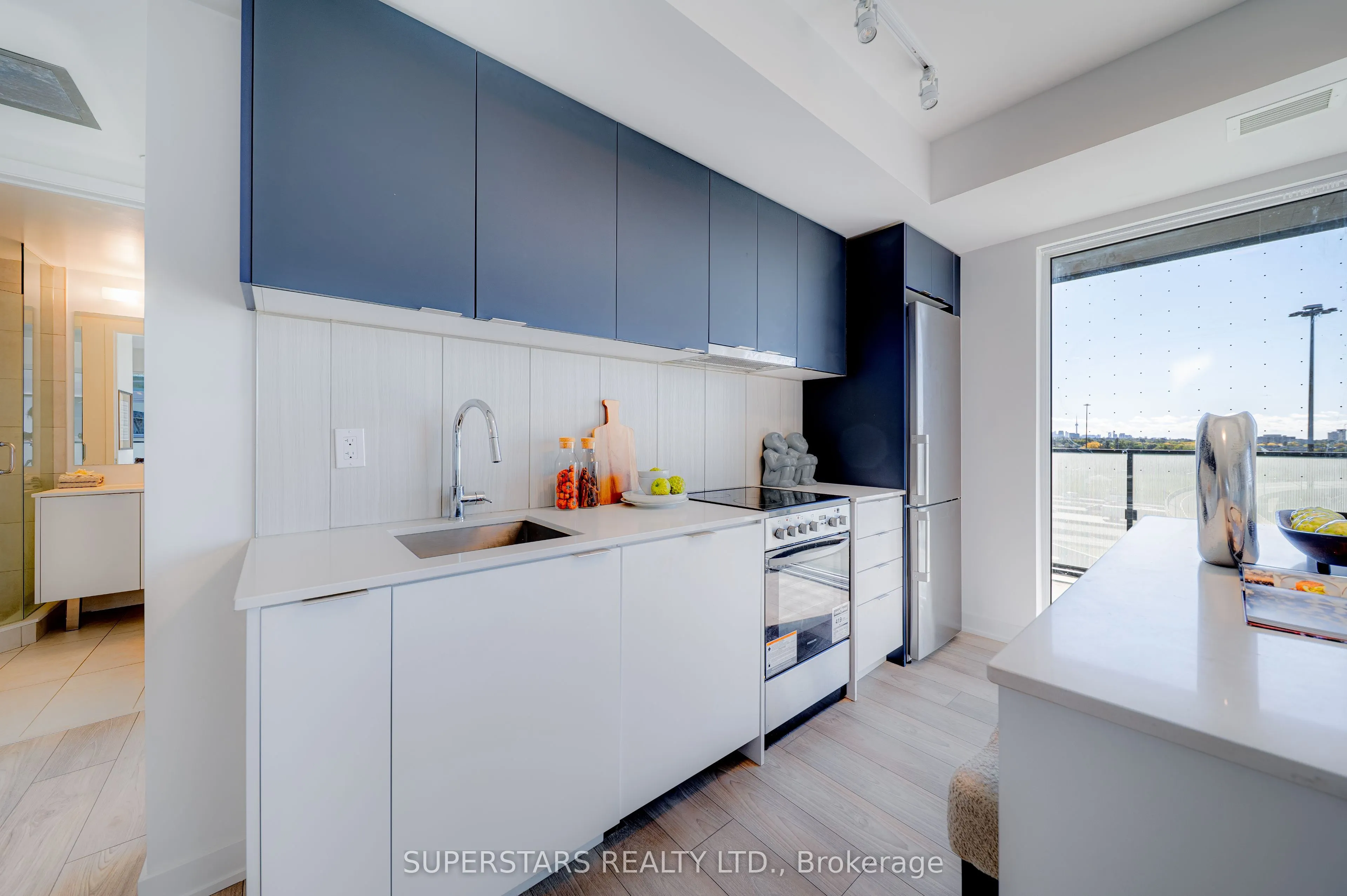 8 Tippett Road, #812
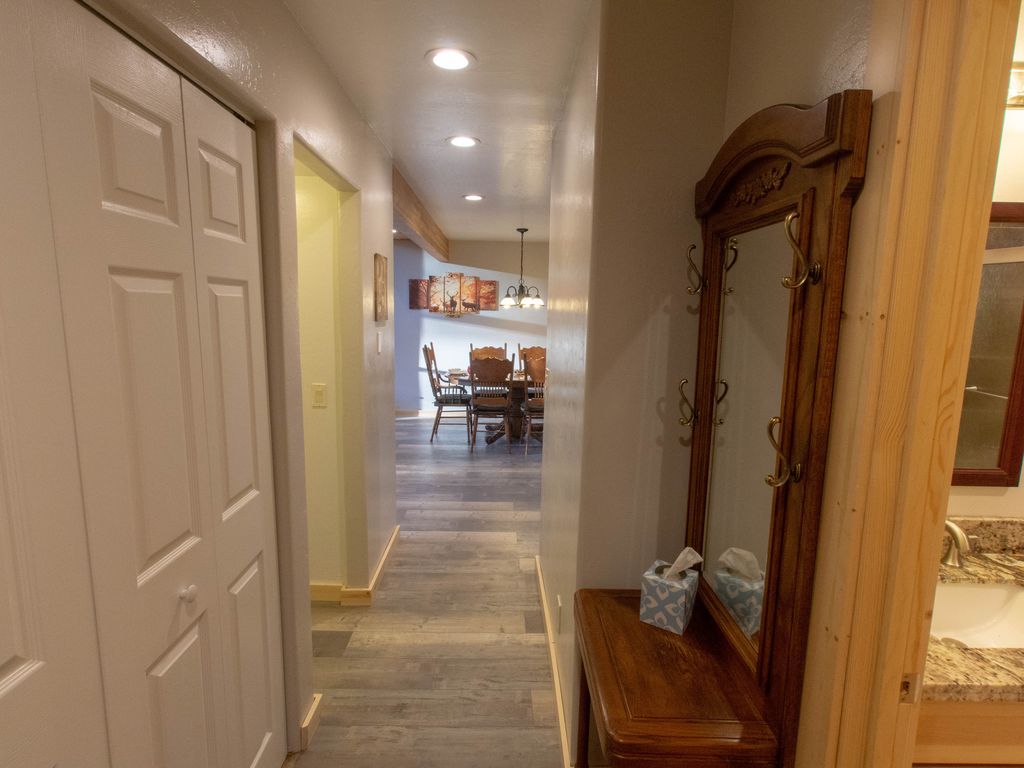 Hall way from the main level bedrooms into the kitchen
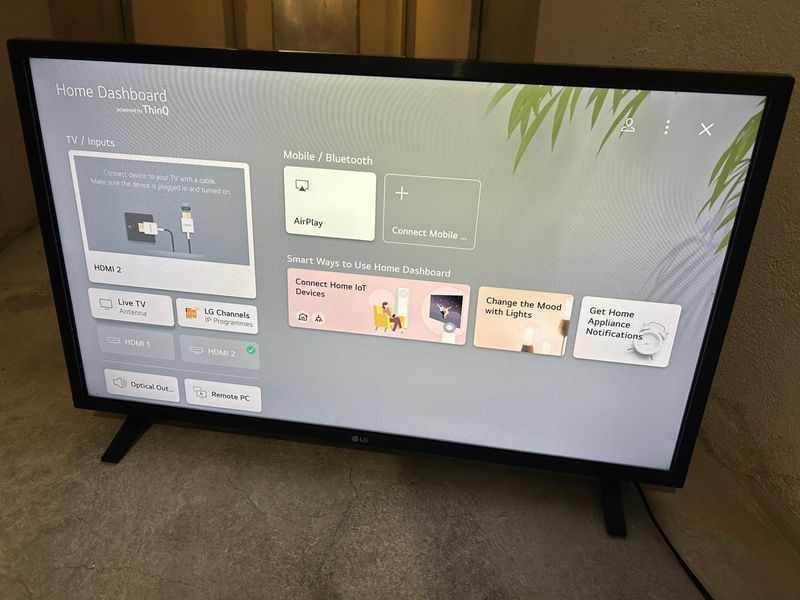 LG 32" 2023 Smart TV Como Nueva afbeelding 5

* **Exercise**: Output the listing above exactly, excluding all pictures.

* **Answer to the exercise**:
 8 Tippett Road, #812
 Hall way from the main level bedrooms into the kitchen
 LG 32" 2023 Smart TV Como Nueva afbeelding 5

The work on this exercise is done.